She has had so many changes and stress with severe worm overloads and recently, bloat, we are afraid of stressing her anymore. Where is the balance between stressing her and working according to our convenience? Simple. She does what you want her to do, when you want her to do it. She goes in whatever pasture you want, when you want her to. The entire new situation is going to cause some stress for her no matter what you do. Continue to provide proper care and medications when warrented. What she "likes" or doesn't like does not matter.
It may be clear to you that she was having a tantrum, but I do not know if she is feeling afraid, insecure...can't understand why she will not eat with my DH gone. Maybe she felt abandoned again like when she was forced to leave her home? I would like to understand her thoughts and feelings again, way too much projecting and anthropomorphism. She's got to learn to live within the restrictions that you provide. Period. gso that we can live peacefully together. These are our only two goats and I have been told over and over again that we needed to get goats that we can have a relationship with and I can see that that would make life much easier with a dairy goat. No, you have a relationship with your husband, your children, your coworkers and neighbors. With animals you have them become accustomed to your way of doing things, and that includes learning how to make them do what you want.

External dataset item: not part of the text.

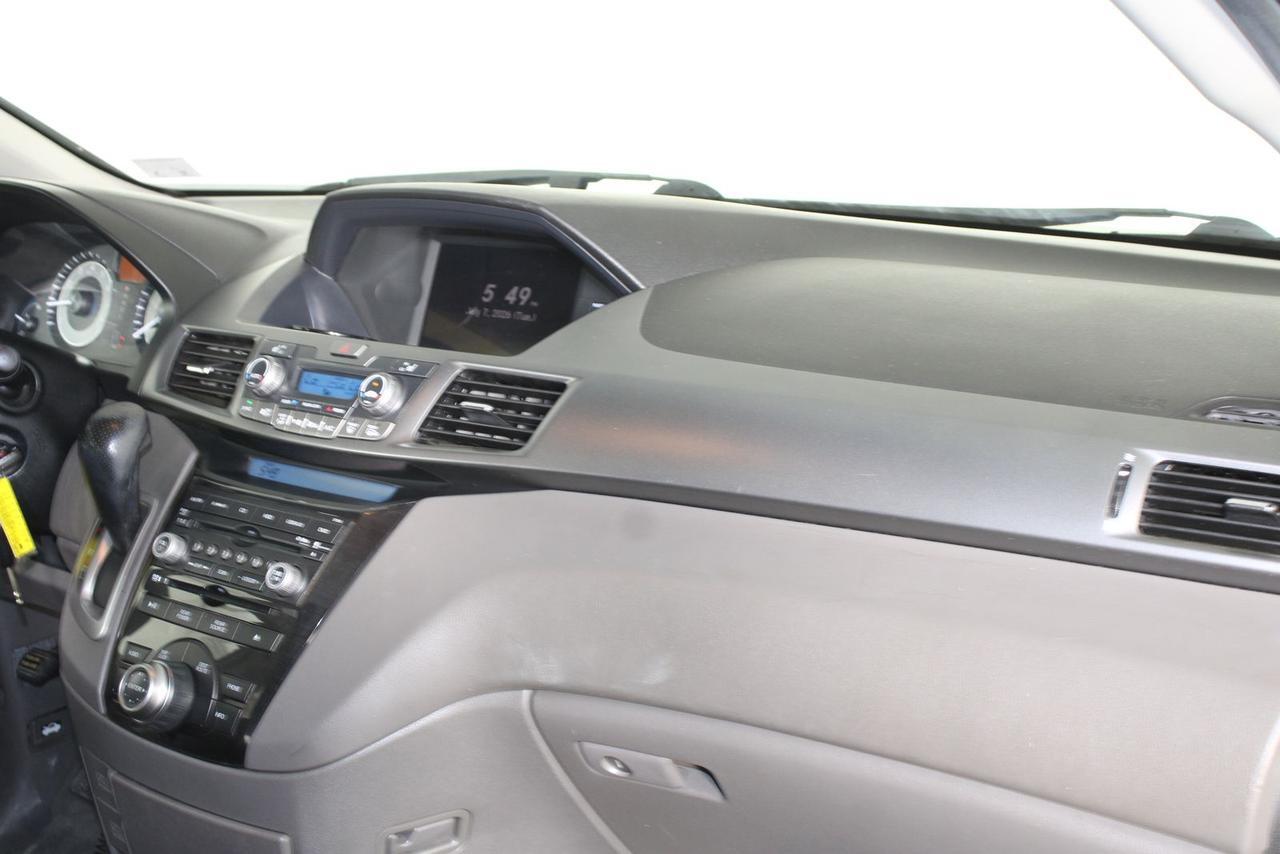 2012 Honda Odyssey Touring Manassas VA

We also have the neighbors to consider. Her bellowing is so loud that it rings throughout the whole town! That is immaterial to how you should treat the goat unfortunately. There is always going to be some sort of noise, and that can vary among individual temperament. Your situation sounds like it isn't ideal to bring in an adult from a new place. Hint: never get a Nubian, and you're going to have as many problems with the kid as with the mother, if not more,since it is not bottle fed.
Are there others out there that have or had this kind of problem with their goat?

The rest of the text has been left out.